Ghana’s  Samuel Takyi has won a 3-2 points victory over Columbia’s Ceiber David Avila in the featherweight bout of  the Tokyo Olympics Quarter-Finals, becoming the first candidate for Africa's medal in the 2020 Olympics.

By Qualifying for the Semi-Finals Takyi is poised for a medal, no matter what happens in his next semifinal fight against USA’’s Duke Ragan.

The 20-year-old finished strongly in the third round against Avila to become Ghana’s fourth boxer to win a medal in the Olympic Games.

Last time Ghana won a medal in the pugilistic sport was at the Munich 72 Games when Prince Amartey grabbed bronze.

Takyi, therefore, has broken the nation’s 49-year-old wait to snatch a boxing medal at the Olympics!

Ghana won its second Olympic medal in 1964 through light-welter Eddie Blay.
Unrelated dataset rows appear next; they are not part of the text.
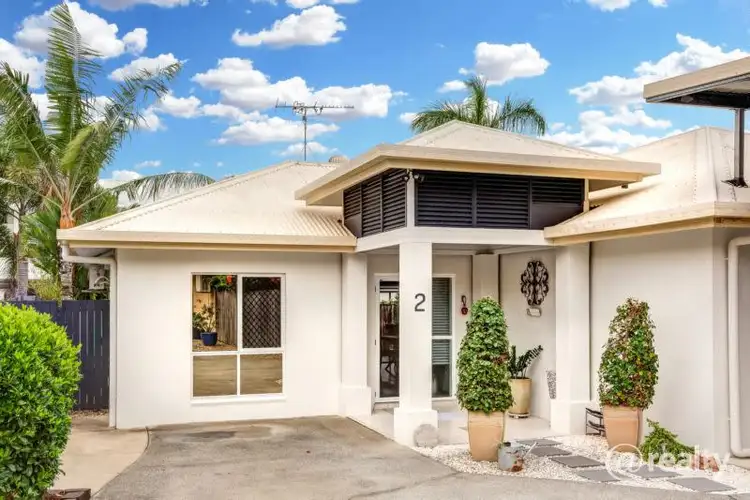 2/16 Oyster Court, Trinity Beach QLD 4879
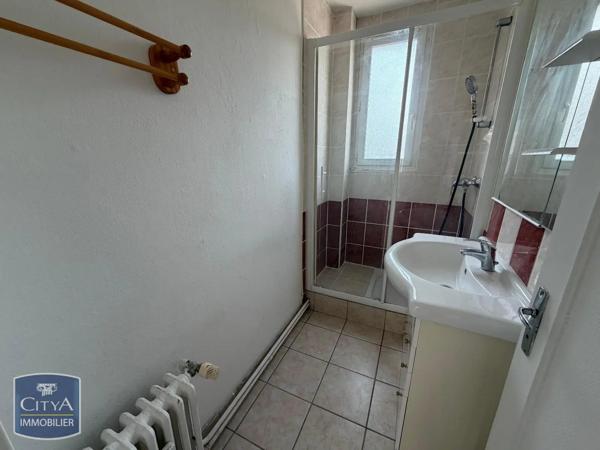 Appartement à louer 3 pièces 54.13m² Châteauroux (36000)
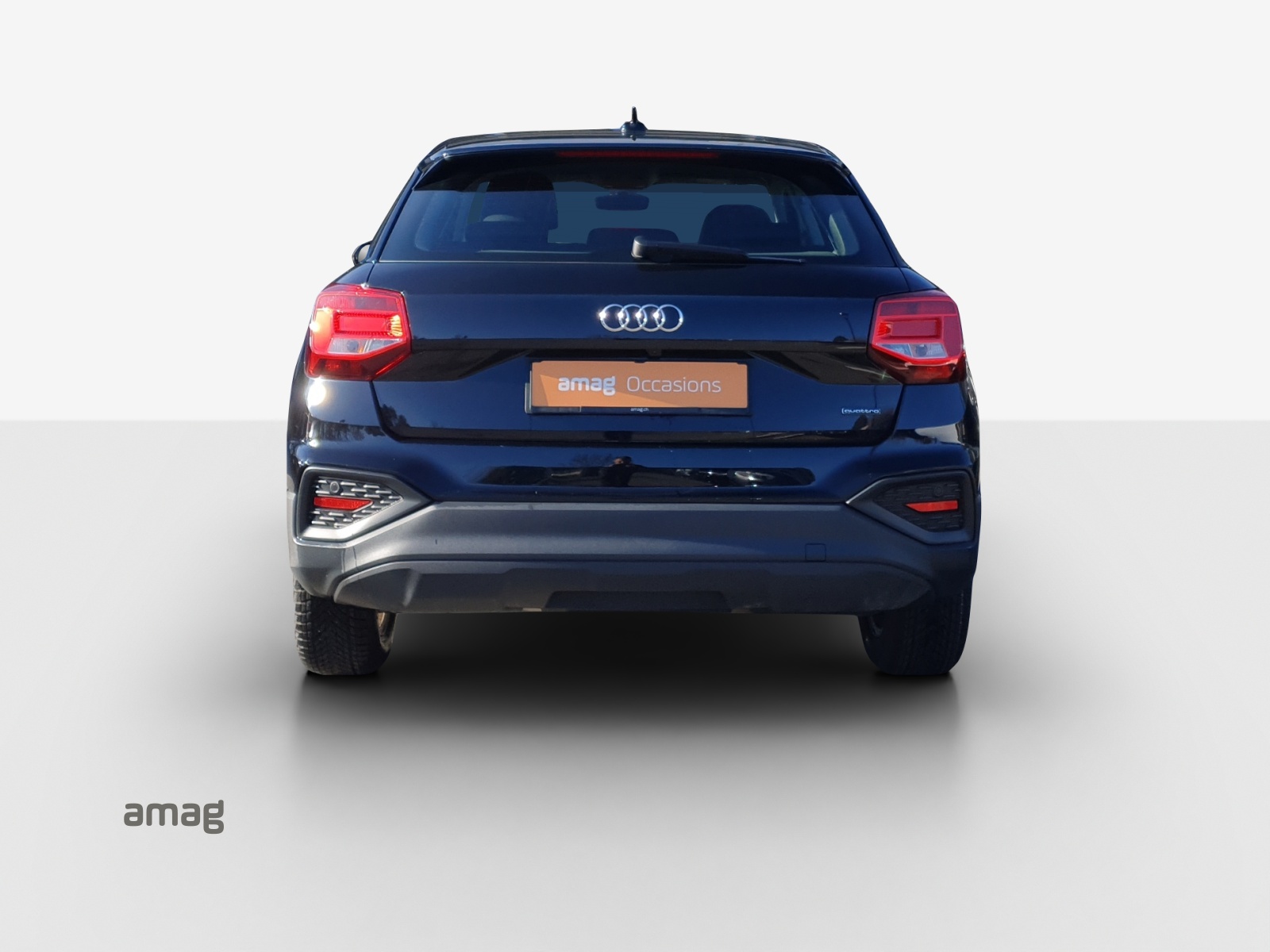 AUDI Q2 40 TFSI Attraction quattro S-tronic-showroom-element-3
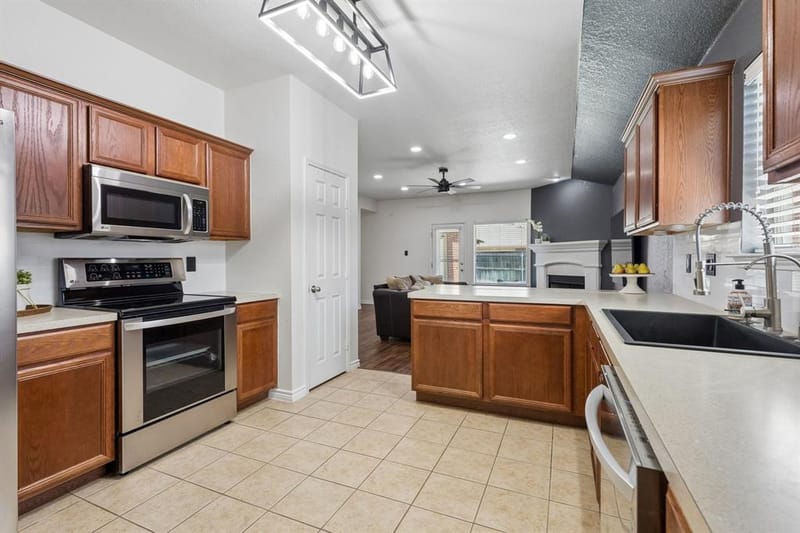 616 Steerman Court, Saginaw TX 76179 - Photo 12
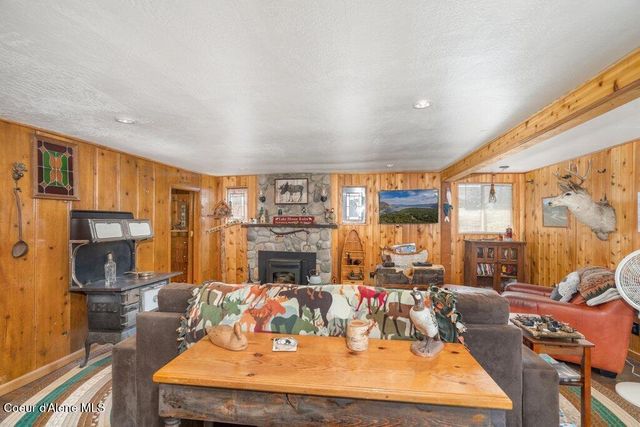 12348 N WOODLAND BEACH DR, Hauser, ID 83854
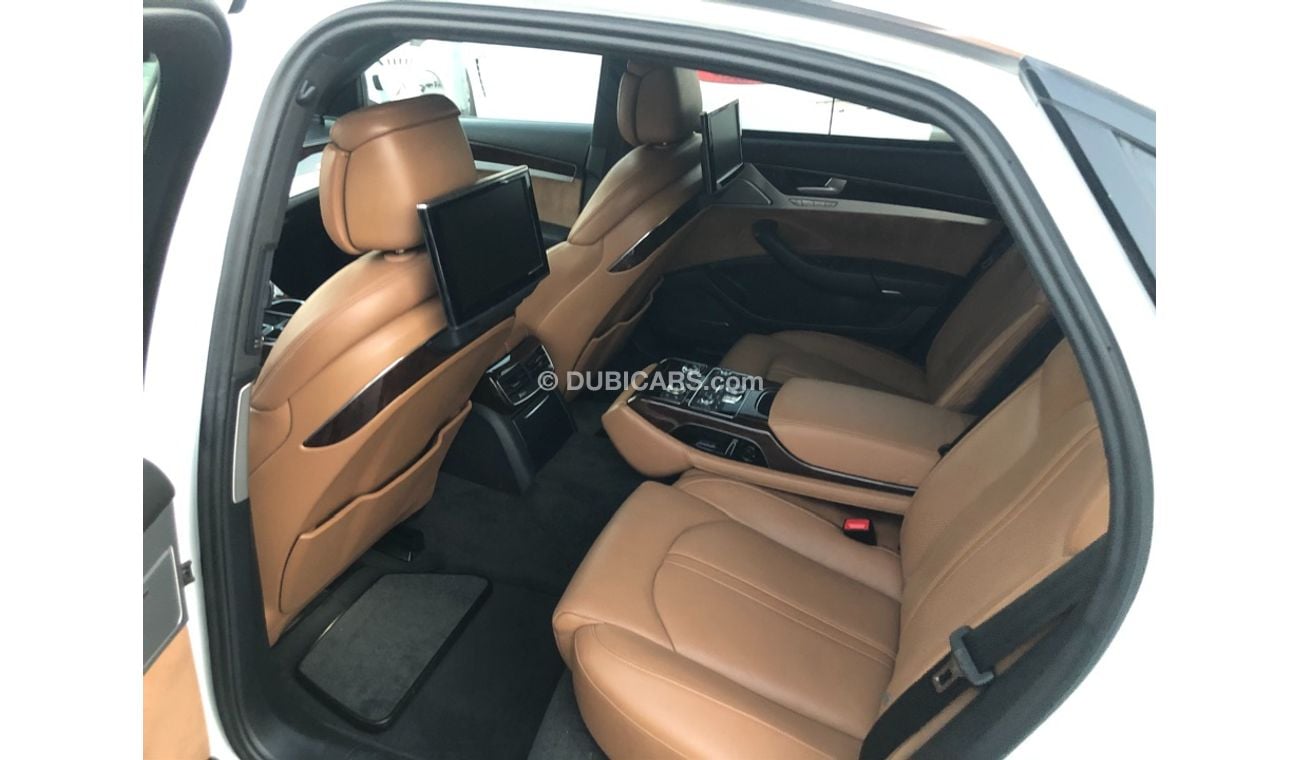 أودي A8 موديل 2015 خليجي فل مواصفات بانوراما ومثبت سرعه وتحكم كهربي كامل و5كاميرات وستاير وشاشات وطاولات خلف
But the  youngsters comes in with  new hopes against the backdrop that six of the team members have been crushed of the Olympics.

He expressed happiness after his victory the early Sunday bout.

“I’m so happy to be in the semi-finals, I thank God for this big win, I’m aiming for the finals,” said the young warrior who’s in cloud nine and has one leg in the final.

Prince Amartey won Ghana’s last Olympic boxing medal – a bronze in the middleweight division – at the 1972 Munich Olympics with light-welter Clement Quartey winning the first one in the 1960 Rome Olympics.

Takyi made his international debut in last year’s Africa Olympic qualifiers in Dakar, Senegal, causing an upset by outpointing Morocco’s 2019 African Games champion Mohammed Hamout but lost in the semis to Zambia’s Evaristo Mulenga.

He gritted his teeth to beat tough Ugandan Isaac Kasembe in the third place box-off to book a place in the Tokyo Olympics.

Takyi is one of the two African boxers still in action in the Tokyo Olympics with Algeria’s female lightweight Imane Khelif who fights in Tuesday’s quarter-finals.

A total of 49 boxers from Africa qualified for the Tokyo Olympics but except from the two still in the ring, the rest have been swept by a strong Tsunami in Japan’s capital city.